The Life of Juergen Mulert - Founder of the Fulbright Alumni Association
Childhood and Education
Juergen Mulert was born on August 16, 1938 in Schmiedeberg by Dresden. In 1948, the family (father, mother, three brothers and an older sister) took refuge with the grandparents in Wiesbaden. Later, the family moved to Herrenberg by Stuttgart, where Juergen earned his high school diploma (Abitur) in Waiblingen in 1958. Afterwards, he spent four years in the Marines earning the rank of Ensign in the Reserves (Lt.z.S.d.R.). From 1962 to 1967, he studied Economics at the Rheinischen Friedrich-Wilhelms-Universität in Bonn. Afterwards, he went to Fort Collins with a Fulbright Grant to Colorado State University, and he extended his stay with a teaching assistant position and earned his Ph.D. in Economics in 1972.

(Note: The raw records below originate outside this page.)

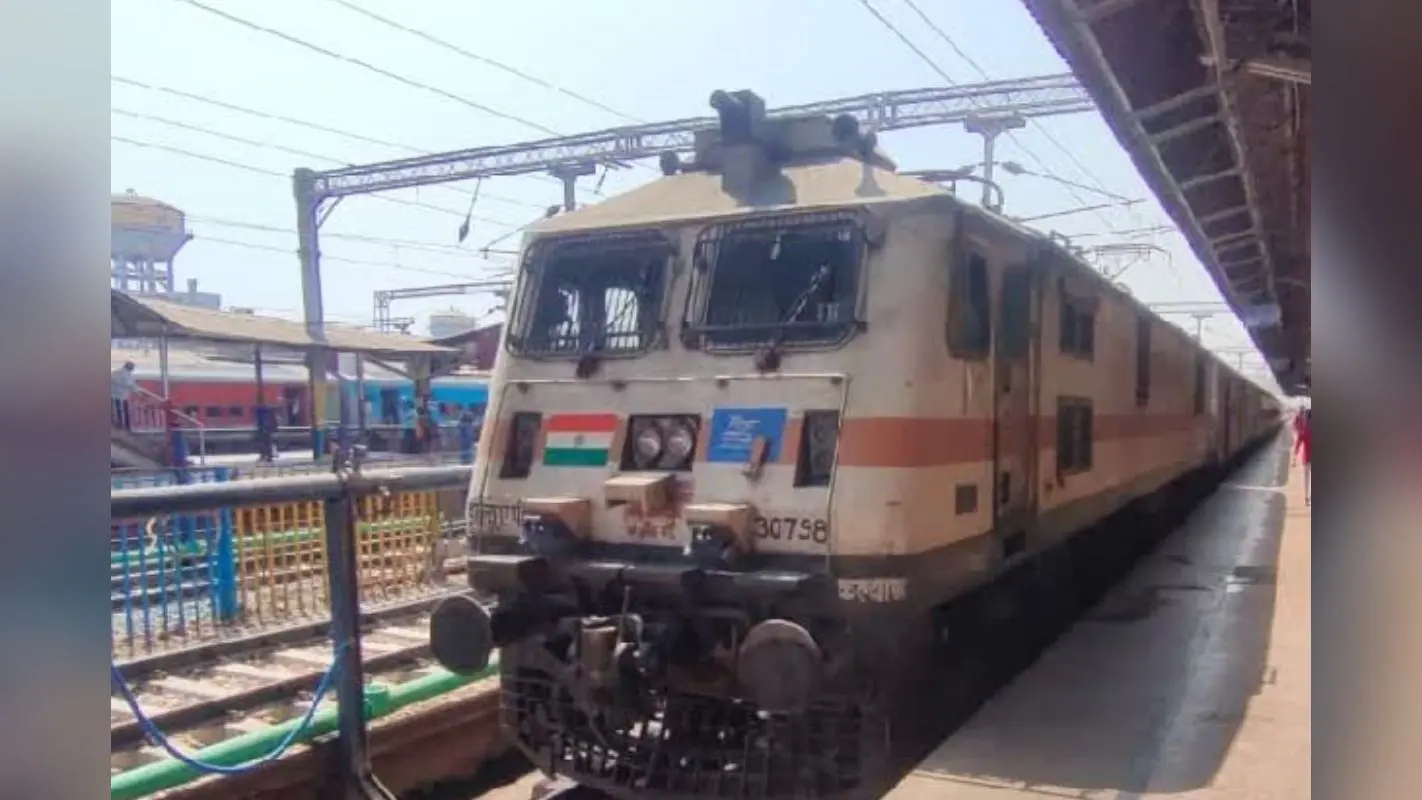 श्रावणी मेले के लिए गया जी से चलेंगी स्पेशल ट्रेनें, कांवरियों का सफर होगा आसान
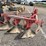 massey-ferguson-82-image-2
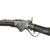 Original U.S. Civil War M1860 Spencer Carbine Issued to 4th Kentucky Mounted Infantry and Later Reissued for Indian Wars - Serial 26706 Original Items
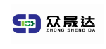 Yichun Zhongshengda Electronics Co., Ltd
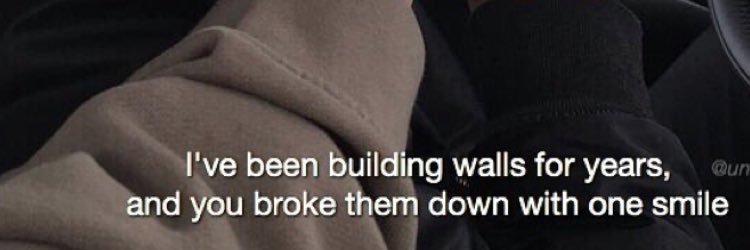trustingjack's profile banner image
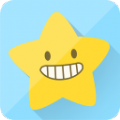 Star app֙Cd v1.0.0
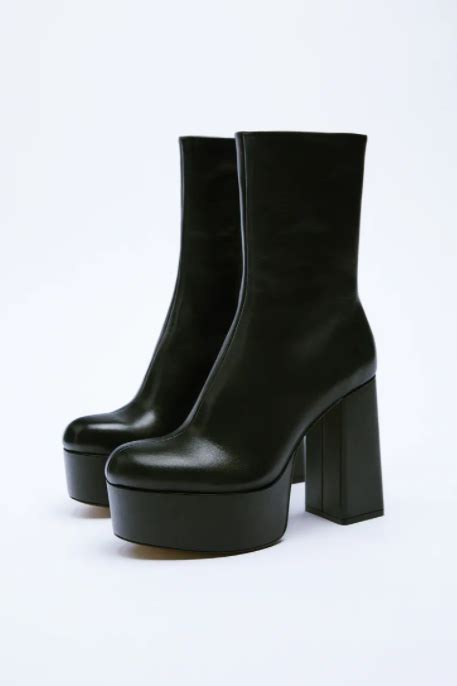 stivali versace prezzo|Versace Boots & Booties for Women.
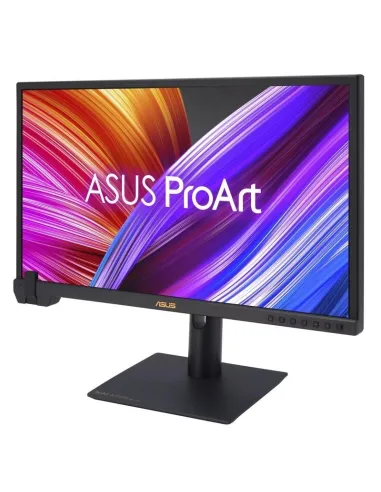 Monitor Asus Proart PA24US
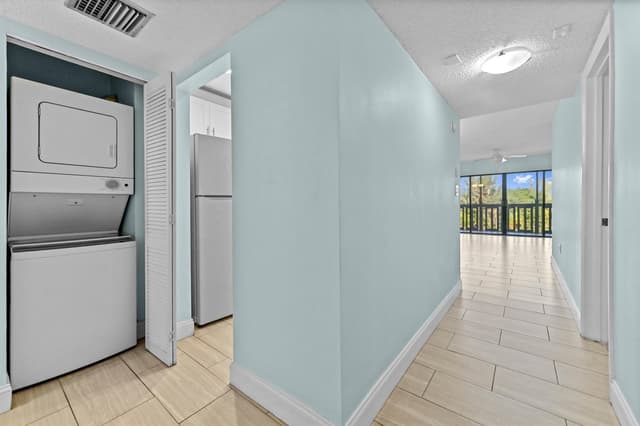 1021 Mockingbird Lane # 415, Plantation FL 33324 - Plantation, FL - Photo 3
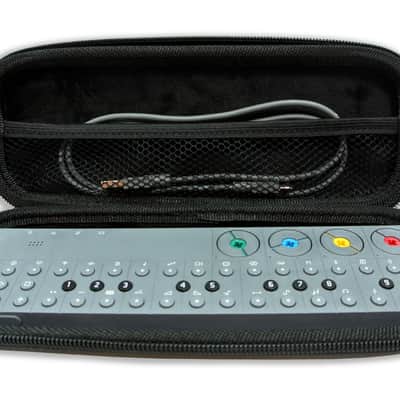 Analog Cases GLIDE Case image 4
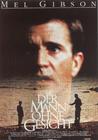 无脸的男人/The Man Without a Face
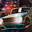 Racers vs Police software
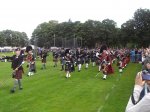 scotland_2012_20120801_1136773205.jpg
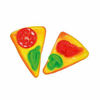 Picture of HANDY CANDY GUMMY PIZZA SLICES 4OZ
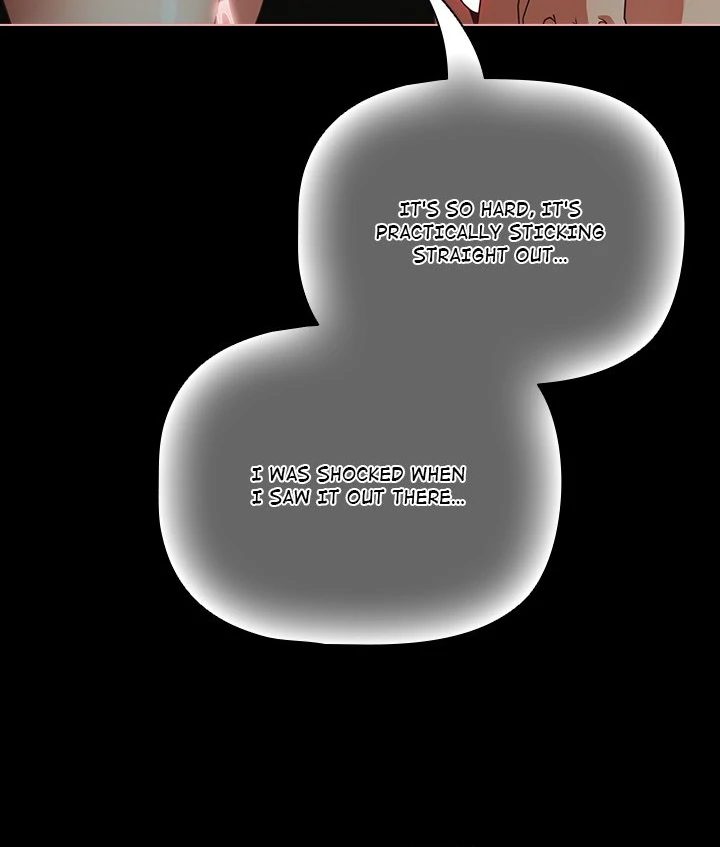 People of The Dark Chapter 26 - Page 27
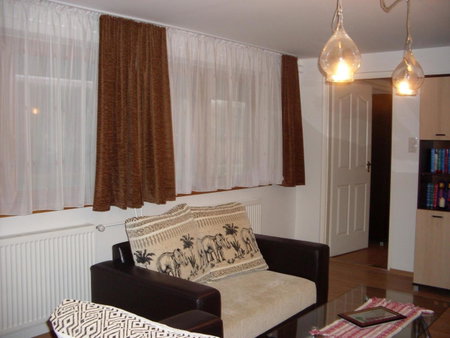 Szahara Vendégház, Kerekegyháza, Hungary
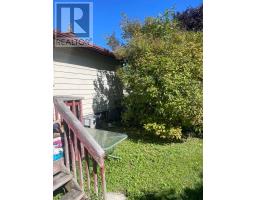 266 Division Street, Arnprior, ON K7S3C9 Photo 17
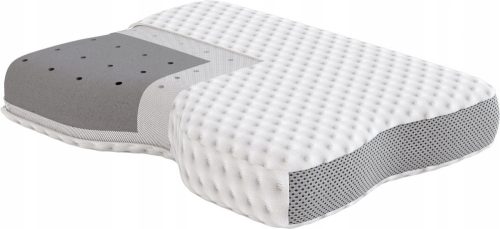 Kissen Orthopädisches Kissen SleepMed 53 x 40 cm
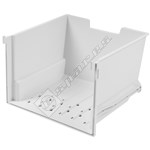 Beko Freezer Drawer Body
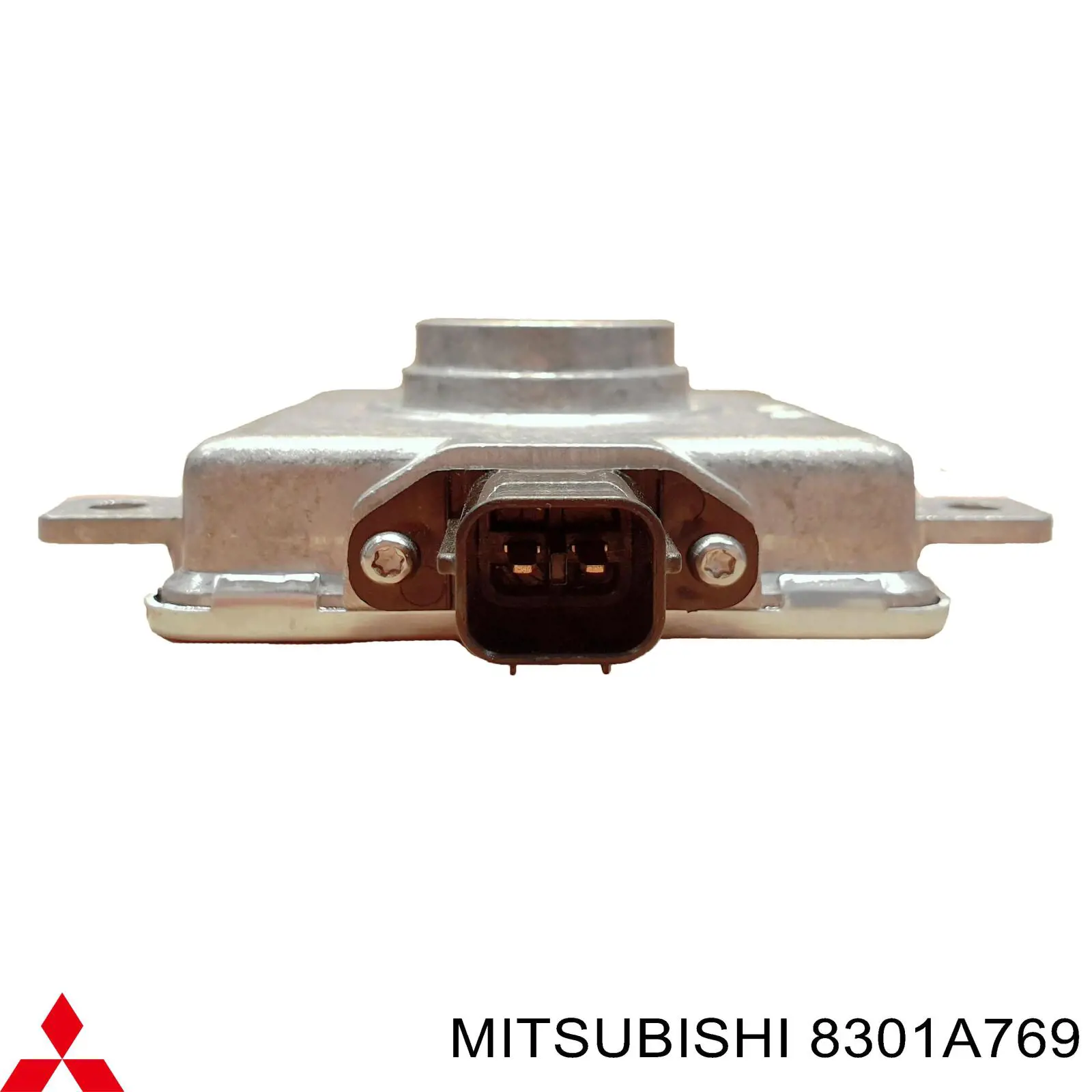 Блок розпалювання, ксенон Q-fix Q3720008 ціна, від 43.03 USD
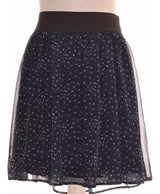291875 Jupes MONOPRIX Occasion Once Again Friperie en ligne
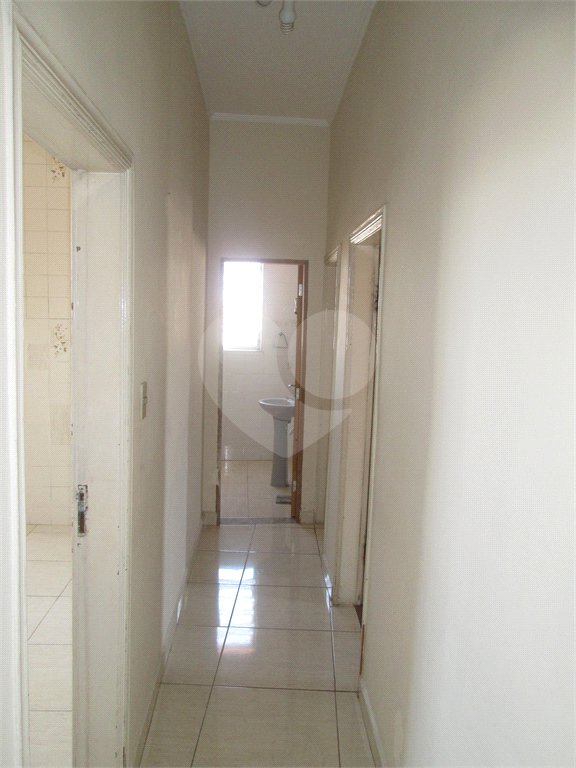 Apartamento à venda com 2 quartos em Tucuruvi, São Paulo, SP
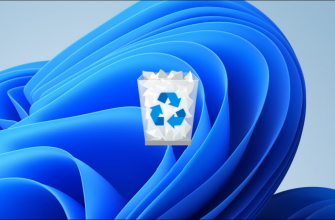 how-to-restore-a-deleted-file-from-recycle-bin-on-windows-1e3234a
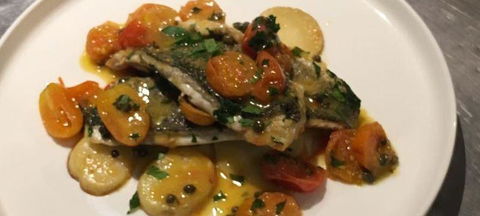 Stella Italian Kitchen And Pizzeria - Australian Directory 2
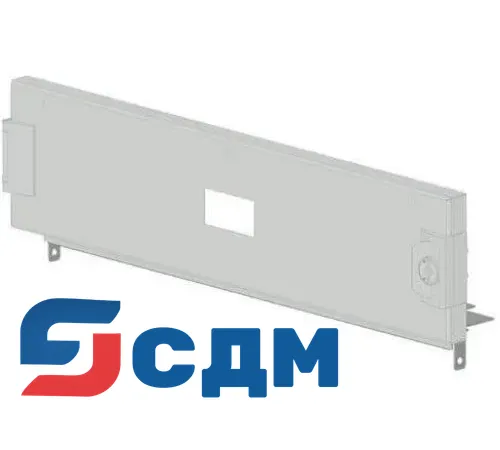 8PQ2025-8BA11 SENTRON 3VL выключатель в литом корпусе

The same year he married his love, Alice. She was divorced and brought three young children into the marriage. In 1973, the family moved to Heidelberg where Juergen taught Business Administration. From 1975 to 1986 he was in charge of the German Program Unit at the Fulbright Commission in Bonn, in 1975/76 and 1980/81 as Deputy Executive Director (Stellvertretender Geschäftsführender Direktor). In 1976, his wife tragically died of liver disease. Moreover, her American ex-husband demanded the children back – easily done according to American law. Thus, Juergen lost his entire family in very little time.
Maybe that's one reason why he became so active for “his” grantees. He has supported thousands with help and advice, not only in the USA but also in Germany. For every single one he was a personal counselor. He solved many small and large problems for “his” grantees, also in coping with reverse culture shock. The close contact to the grantees made it clear to him that time was ripe for renewed efforts to found an Alumni Association.
After half a year of planning and preparation, the Association was founded in Frankfurt am Main. Countless returnees from prior years were contacted. He won 15 alumni for the idea and on January 24 1986 they signed the founding documents.
There were several reasons for Frankfurt. It was the geographical center of Germany, many committed Fulbrighters were gathered there and last but not least there was a (Fulbright-) law office supporting the Association in notarial matters. One year later, Juergen moved to Frankfurt to work at the City University.
After dealing with the formalities of founding the Association, he withdrew himself a little. He did not want to be President of the Association but rather served in the unpopular position of Secretary; one reason being that he left the Fulbright Commission in this period and didn’t want to cause the Association any difficulties through his leadership. In the next four years he supported the Association actively und enthusiastically with many new ideas.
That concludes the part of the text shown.